BROOKS, CA  –  To speak of a one-room schoolhouse is to call to mind the better angels of American history. These plucky little buildings have come to symbolize ingenuity, self-improvement, community, and mutual respect- all things worth preserving. So, it is welcome news to many in the Capay Valley that planning is underway to preserve the Cañon School, a one-room schoolhouse on California State Route 16.

The Cañon School building is a classic example of its architectural type and the enduring importance of these schools to their communities. 

In 2018, the Yocha Dehe Wintun Nation purchased land adjacent to the schoolhouse for growing alfalfa. The historic structure—where some Tribal citizens once learned alongside Anglo and Hispanic students from the Capay Valley—came with it. 

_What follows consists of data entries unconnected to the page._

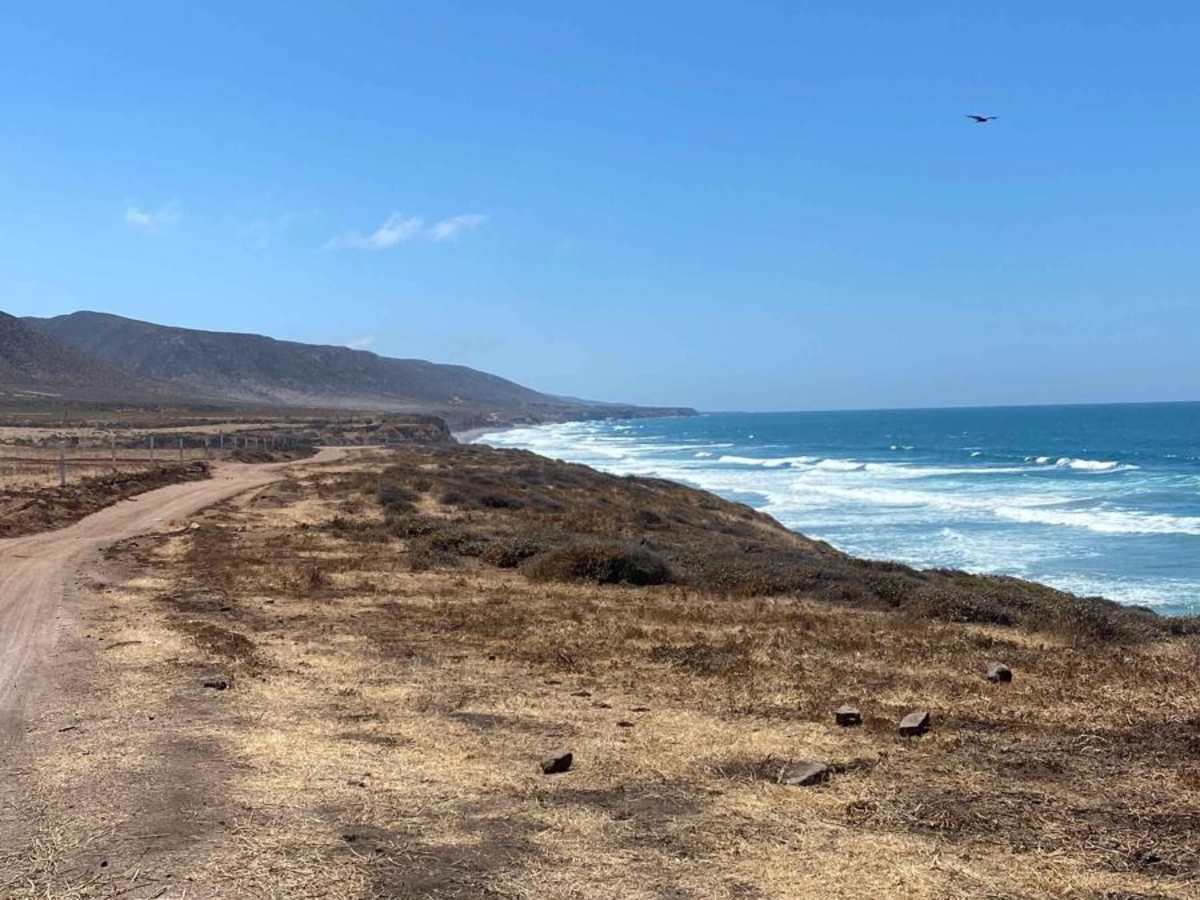 Coastal Route to Bahia Soledad photo 2
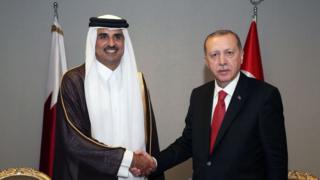 الرئيس التركي رجب طيب أردوغان يصافح أمير قطر الشيخ تميم بن حمد آل ثاني
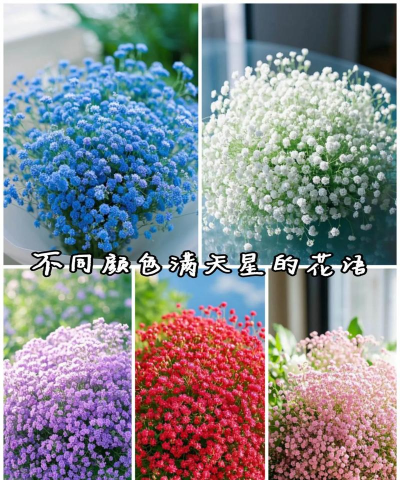 小众送妈妈的花有哪些花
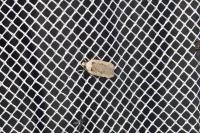 Agonopterix yeatiana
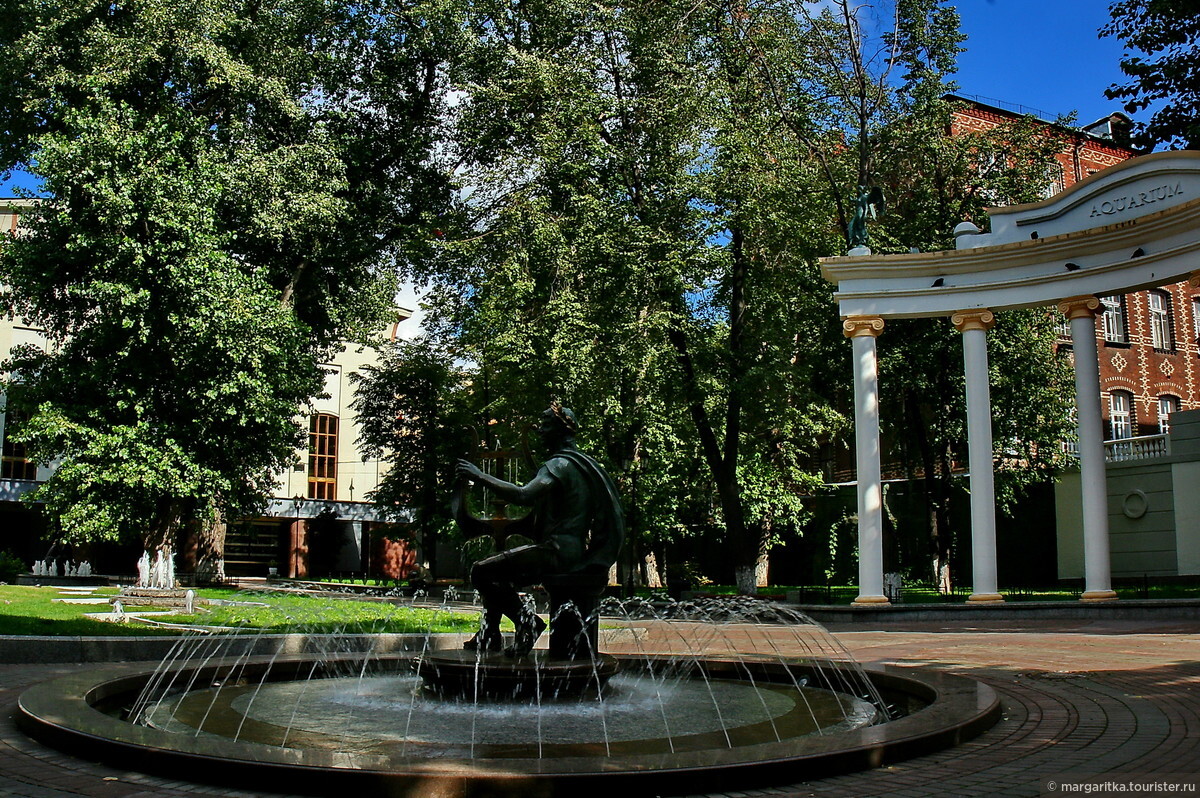 Сад аквариум карта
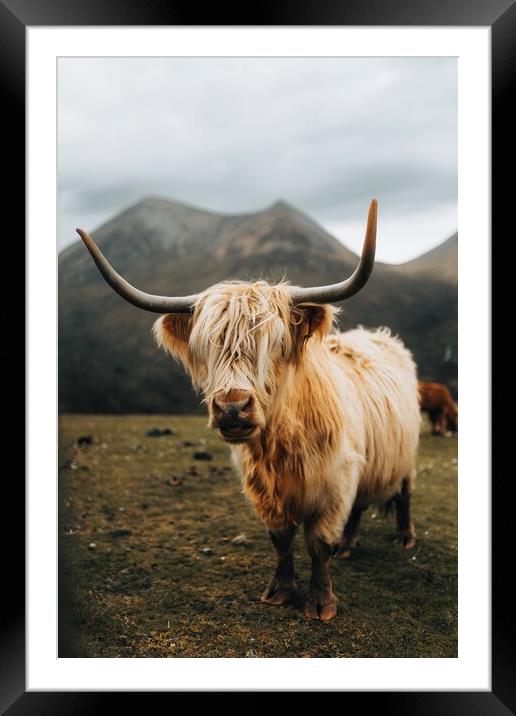 Highland Cow on the Isle of Skye Framed Mounted Print by Jay Huxtable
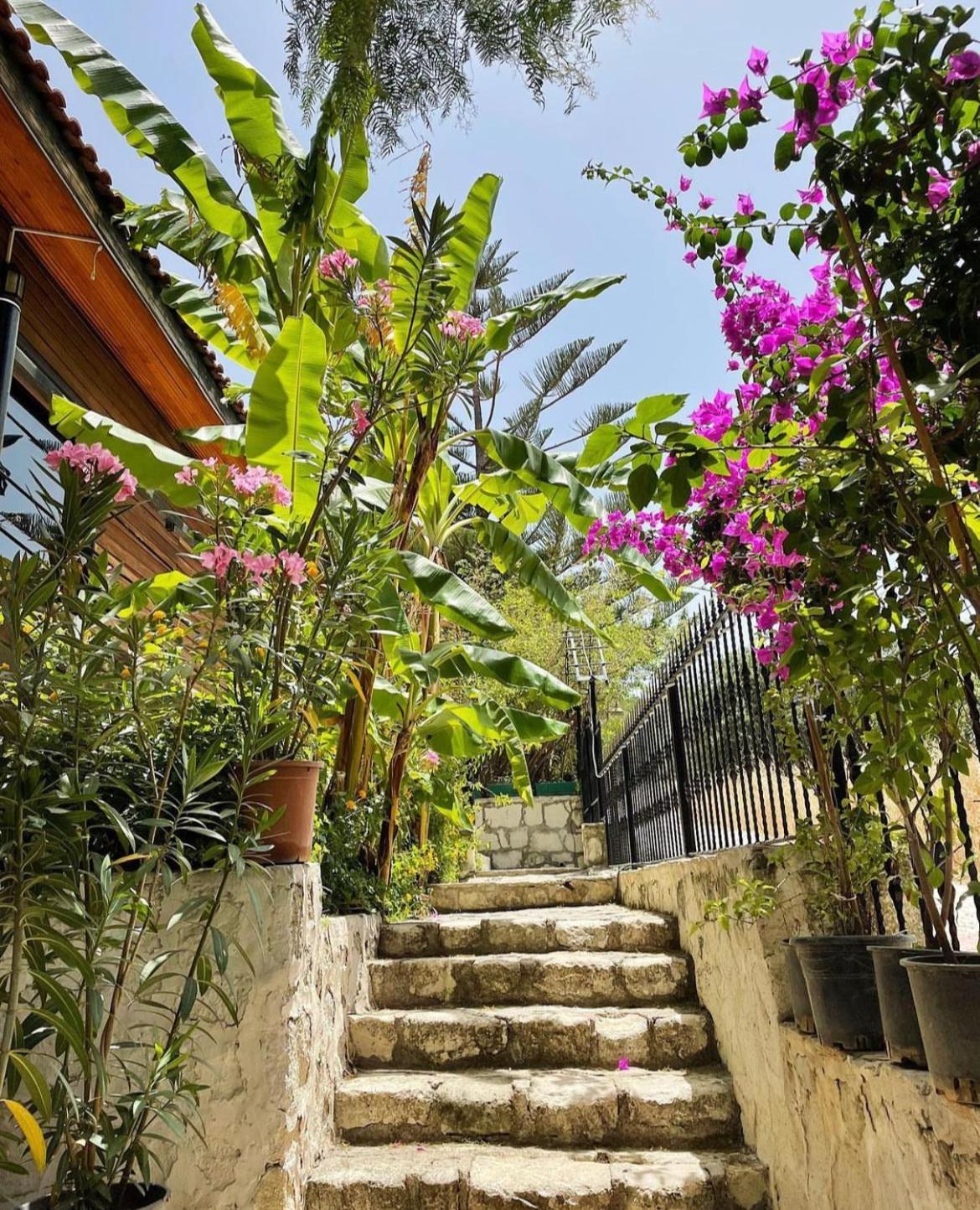 Ata Boutique Hotel Çeşme 外观 照片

“This history of Yocha Dehe and the history of Yolo County are one and the same, even in this little, one-room schoolhouse. We have elders who learned in that special building too, and we are determined to preserve it,” said the Tribal Council of the Yocha Dehe Wintun Nation.   

Persevering is nothing new for the schoolhouse. It was built and rebuilt three times, starting in 1861. The initial structure was replaced in 1868. When that second structure was destroyed by fire, the present schoolhouse was built on its current site in 1884. 

“It represents the history of the valley,” explained Wyatt Cline, a lifelong Capay Valley resident whose relatives attended the school. He describes it as a place where “all children from every background were welcome to go to school.” 

20 to 35 students in grades Kindergarten through 8 attended. The day started when the bell rang—the wooden belfry was added as a class project in 1902—at 9 a.m. From that time until 4 p.m., one teacher taught all grades and subjects.

Mary Stephens Dewall is a retired Yolo County Librarian. Her mother, Anna Louise Birch Stephens, worked as a long-term substitute teacher at Cañon School in the late 1940s and early 50s. 

“I remember her saying that the kids were so nice and helpful,” Dewall said. “There was a wood stove, and there were clothes drying all over. The students got out brooms to sweep. Everybody helped out.”

The building was more than just a place of learning. It also served as a gathering hall for the Capay Valley community and the setting for many an ice cream social.

The school closed in the early 1960s with the advent of school busses and consolidation. 

In 1972, the Cañon School was placed on the National Register of Historic Places. 

In the application for that recognition, then-owners Herman and Delores Schwarz wrote, “It was a focus for community pride and pleasure…Its creation and improvements over the years were a direct result of the collective efforts of the local population.” 

While the plans for future use of the school building are still preliminary, Yocha Dehe is actively collecting artifacts from the school’s storied past.

“It’s important to preserve history so we can tell our stories, positive and negative, and learn,” said Cline. “Knowing where we come from helps us know where we are going.”